[Data provided — start]
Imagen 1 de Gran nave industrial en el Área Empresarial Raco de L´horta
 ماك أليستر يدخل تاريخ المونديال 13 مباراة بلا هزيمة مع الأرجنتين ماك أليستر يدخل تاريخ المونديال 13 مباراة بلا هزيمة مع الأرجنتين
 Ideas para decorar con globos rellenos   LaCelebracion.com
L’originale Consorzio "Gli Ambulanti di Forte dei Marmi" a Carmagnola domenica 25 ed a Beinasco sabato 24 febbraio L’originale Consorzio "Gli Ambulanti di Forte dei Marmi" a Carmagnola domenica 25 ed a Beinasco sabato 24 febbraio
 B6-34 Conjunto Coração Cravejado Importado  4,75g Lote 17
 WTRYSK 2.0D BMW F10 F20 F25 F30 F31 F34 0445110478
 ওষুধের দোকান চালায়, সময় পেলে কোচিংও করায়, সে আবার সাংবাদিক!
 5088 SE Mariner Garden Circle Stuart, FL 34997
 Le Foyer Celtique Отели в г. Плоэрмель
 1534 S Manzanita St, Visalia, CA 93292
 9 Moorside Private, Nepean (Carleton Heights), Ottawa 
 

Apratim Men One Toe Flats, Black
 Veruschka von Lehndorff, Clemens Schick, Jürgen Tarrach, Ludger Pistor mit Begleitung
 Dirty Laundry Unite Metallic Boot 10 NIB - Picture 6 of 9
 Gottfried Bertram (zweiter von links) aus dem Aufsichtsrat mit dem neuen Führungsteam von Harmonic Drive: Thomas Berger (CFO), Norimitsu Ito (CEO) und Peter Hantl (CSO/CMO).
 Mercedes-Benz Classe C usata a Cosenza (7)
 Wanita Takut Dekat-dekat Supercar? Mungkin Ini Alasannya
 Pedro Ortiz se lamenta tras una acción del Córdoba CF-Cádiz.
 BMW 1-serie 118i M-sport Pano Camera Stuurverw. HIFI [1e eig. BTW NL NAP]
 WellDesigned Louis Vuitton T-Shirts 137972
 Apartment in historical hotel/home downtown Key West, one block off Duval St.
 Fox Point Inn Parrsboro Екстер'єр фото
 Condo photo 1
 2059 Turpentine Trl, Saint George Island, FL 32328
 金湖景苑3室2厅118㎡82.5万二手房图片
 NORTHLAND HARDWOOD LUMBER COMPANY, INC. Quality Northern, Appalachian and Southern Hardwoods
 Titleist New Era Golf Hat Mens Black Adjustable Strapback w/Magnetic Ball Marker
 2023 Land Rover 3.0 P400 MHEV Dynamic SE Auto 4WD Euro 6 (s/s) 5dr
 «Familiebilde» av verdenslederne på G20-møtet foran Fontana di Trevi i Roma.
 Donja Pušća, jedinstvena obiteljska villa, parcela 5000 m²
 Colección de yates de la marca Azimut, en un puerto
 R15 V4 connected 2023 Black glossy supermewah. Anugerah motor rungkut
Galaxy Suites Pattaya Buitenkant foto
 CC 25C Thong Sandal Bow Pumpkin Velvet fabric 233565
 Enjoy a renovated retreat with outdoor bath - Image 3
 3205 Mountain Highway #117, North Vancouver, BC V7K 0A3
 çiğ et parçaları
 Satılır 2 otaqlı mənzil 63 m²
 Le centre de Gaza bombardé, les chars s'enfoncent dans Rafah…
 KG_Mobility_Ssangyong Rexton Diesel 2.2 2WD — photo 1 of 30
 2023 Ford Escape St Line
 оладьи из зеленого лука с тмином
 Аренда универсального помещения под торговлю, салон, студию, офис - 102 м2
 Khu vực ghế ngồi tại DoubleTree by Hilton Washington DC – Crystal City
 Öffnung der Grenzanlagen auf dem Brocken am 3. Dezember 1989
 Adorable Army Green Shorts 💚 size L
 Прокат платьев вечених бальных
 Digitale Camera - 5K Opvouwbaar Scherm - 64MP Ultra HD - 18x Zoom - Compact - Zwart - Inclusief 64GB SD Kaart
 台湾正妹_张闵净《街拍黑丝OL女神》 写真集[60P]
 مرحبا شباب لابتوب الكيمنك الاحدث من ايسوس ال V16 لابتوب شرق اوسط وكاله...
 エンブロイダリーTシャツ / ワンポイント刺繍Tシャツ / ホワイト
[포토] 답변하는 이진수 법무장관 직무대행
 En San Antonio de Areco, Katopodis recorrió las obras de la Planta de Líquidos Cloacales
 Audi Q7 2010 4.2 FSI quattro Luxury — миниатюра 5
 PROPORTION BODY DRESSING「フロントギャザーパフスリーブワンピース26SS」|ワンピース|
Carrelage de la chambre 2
[Data provided — finish]
## Work request
Out of the data above, give again only the lines starting at the one holding "3205 Mountain Highway" and ending at the one holding "[포토] 답변하는 이진수 법무장관 직무대행", unchanged.

## Expected answer
 3205 Mountain Highway #117, North Vancouver, BC V7K 0A3
 çiğ et parçaları
 Satılır 2 otaqlı mənzil 63 m²
 Le centre de Gaza bombardé, les chars s'enfoncent dans Rafah…
 KG_Mobility_Ssangyong Rexton Diesel 2.2 2WD — photo 1 of 30
 2023 Ford Escape St Line
 оладьи из зеленого лука с тмином
 Аренда универсального помещения под торговлю, салон, студию, офис - 102 м2
 Khu vực ghế ngồi tại DoubleTree by Hilton Washington DC – Crystal City
 Öffnung der Grenzanlagen auf dem Brocken am 3. Dezember 1989
 Adorable Army Green Shorts 💚 size L
 Прокат платьев вечених бальных
 Digitale Camera - 5K Opvouwbaar Scherm - 64MP Ultra HD - 18x Zoom - Compact - Zwart - Inclusief 64GB SD Kaart
 台湾正妹_张闵净《街拍黑丝OL女神》 写真集[60P]
 مرحبا شباب لابتوب الكيمنك الاحدث من ايسوس ال V16 لابتوب شرق اوسط وكاله...
 エンブロイダリーTシャツ / ワンポイント刺繍Tシャツ / ホワイト
[포토] 답변하는 이진수 법무장관 직무대행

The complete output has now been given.